■ TASK STATEMENT
Look in the listing below for the line that has "Ozdoba wielkanocna 2", then return it and each following line up to and including the one with "des KTSV Hößlinswart.", exactly and without pictures.
--- DATASET RECORDS ---
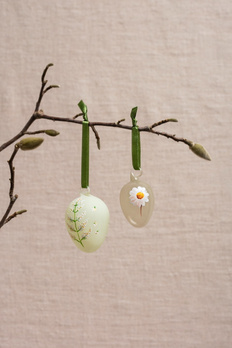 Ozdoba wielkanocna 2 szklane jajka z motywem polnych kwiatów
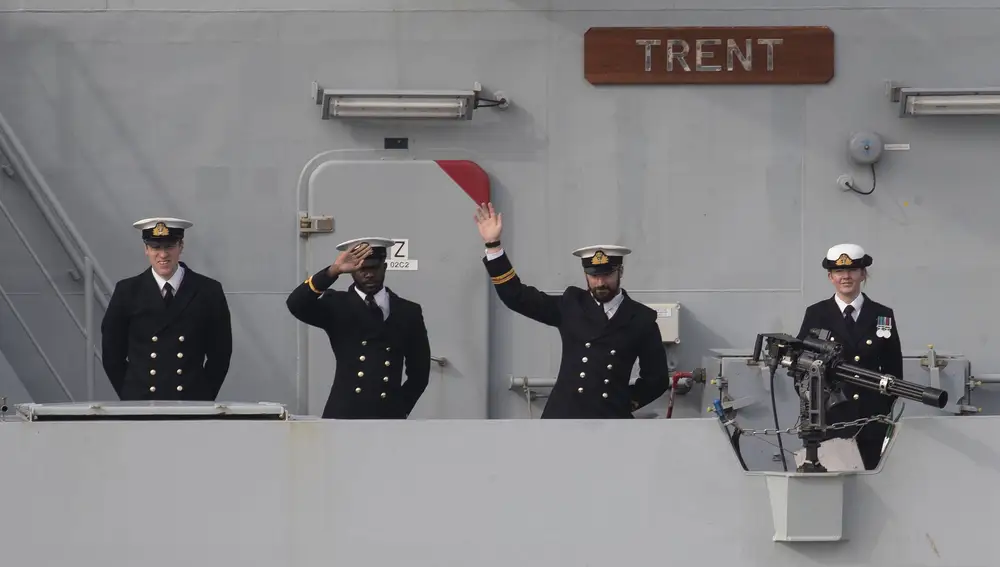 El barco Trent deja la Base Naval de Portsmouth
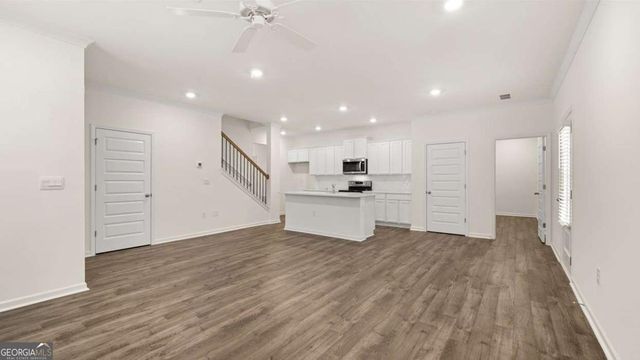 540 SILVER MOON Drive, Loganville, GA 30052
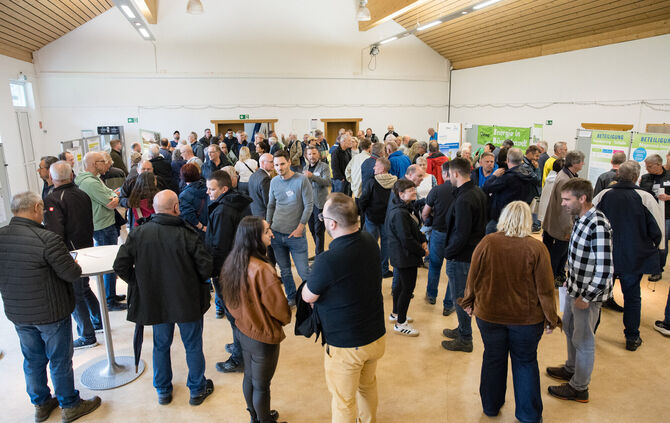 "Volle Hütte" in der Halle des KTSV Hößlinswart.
---
--- DATASET RECORDS ---
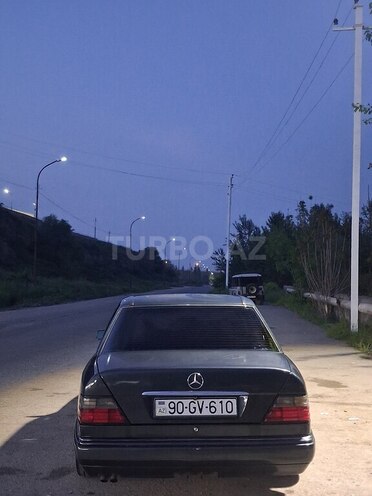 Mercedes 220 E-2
---
■ ANSWER TO THIS PROBLEM
 Ozdoba wielkanocna 2 szklane jajka z motywem polnych kwiatów
 El barco Trent deja la Base Naval de Portsmouth
 540 SILVER MOON Drive, Loganville, GA 30052
 "Volle Hütte" in der Halle des KTSV Hößlinswart.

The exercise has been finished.